Data-manager account of the specific group is the only account that has read or write access to the archive folder of the group. This is to prevent the potential problems of accidentally recalling files online when not needed. Also to make sure that all the files are stored in correct format (see 'Best practices' below).

2. Managing data

After some time, all the files on remote archive server get automatically migrated to the tape. When this happens, all the folders and files can be still normally seen in the structure. The access to any (sub)directory is possible and ls should list the files. All the filenames and their permissions and metadata (age, size, ownerhip) can be seen.

The difference is that the file content is not directly available anymore - that is, not without calling it back first. If anything is done on the file content, like edit (like compressing, edit with vim/nano) or read (with less, cat or grep) then the command will get stuck in order to retrieve the file from the tapes - which take a lot of time. During this time the command line will be stuck unusable.

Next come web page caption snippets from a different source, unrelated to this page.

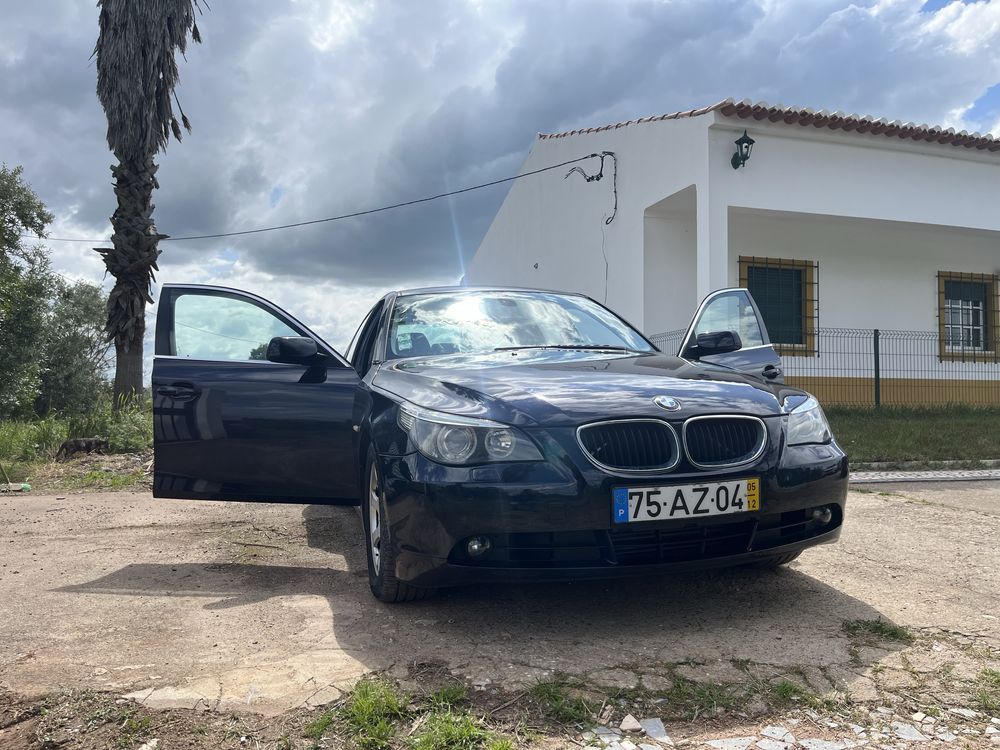 BMW 520D Sedan Nacional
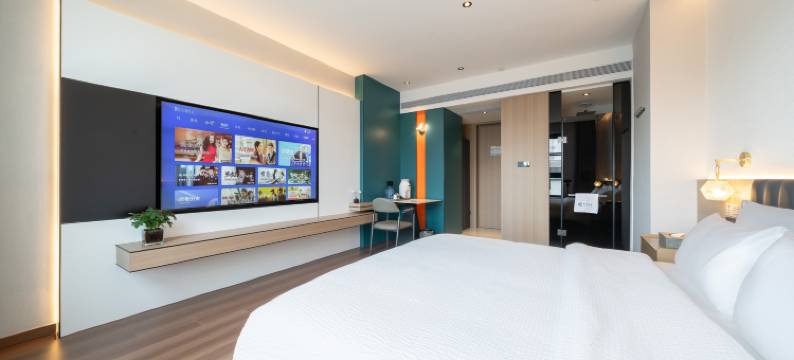 爱巢酒店(周至均发南钻店)图片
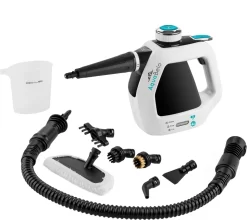 ETA AQUABELO Handdampfreiniger ETA126490000, 1000 W , Betriebsdruck 3 Bar, Dampf In 2-3 Minuten, Wassertankvolumen 220 Ml, Kabellänge 5 M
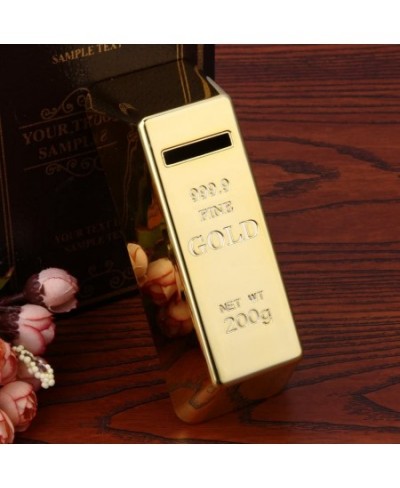 Gold Bullion Brick Coin Bank Saving Money Box $24.31 - Kids' Money Banks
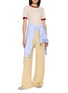 Figure View - Click To Enlarge - GUEST IN RESIDENCE - Rib Everywear Knit Pants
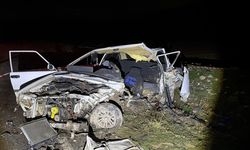 Korkunç kazada 1 can kaybı!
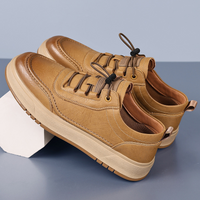 Damon Leather Sneakers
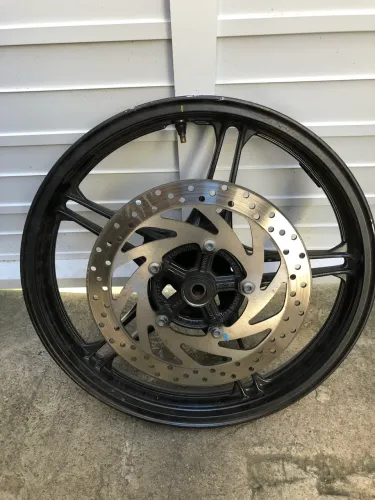 Rodas da moto fazer 250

Therefore the correct procedure is to first stage (recall from the tape) the file, and access the content when it is available again.

2.1. Data states

The data migrates on remote server from disk to tape and during this it has different states. As long as the data is online (on disks), it is available to the user. It can be read or modified..

State Code Online (data on disks) Offline (data on tape) Explanation
Regular REG Yes No Files are only on disk. File content can be accessed and changed.
Migrating MIG Yes Not yet File content is copied from disks to tape. Content is still available.
Dual-state DUL Yes Yes Content is both on disk and on tape.
Offline OFL No Yes Content is no longer online (on disks). It is only on tape. Can be recalled back to disks.
Unmigrating UNM Not yet Yes Files content is copied from tape and is not available until copy is finised.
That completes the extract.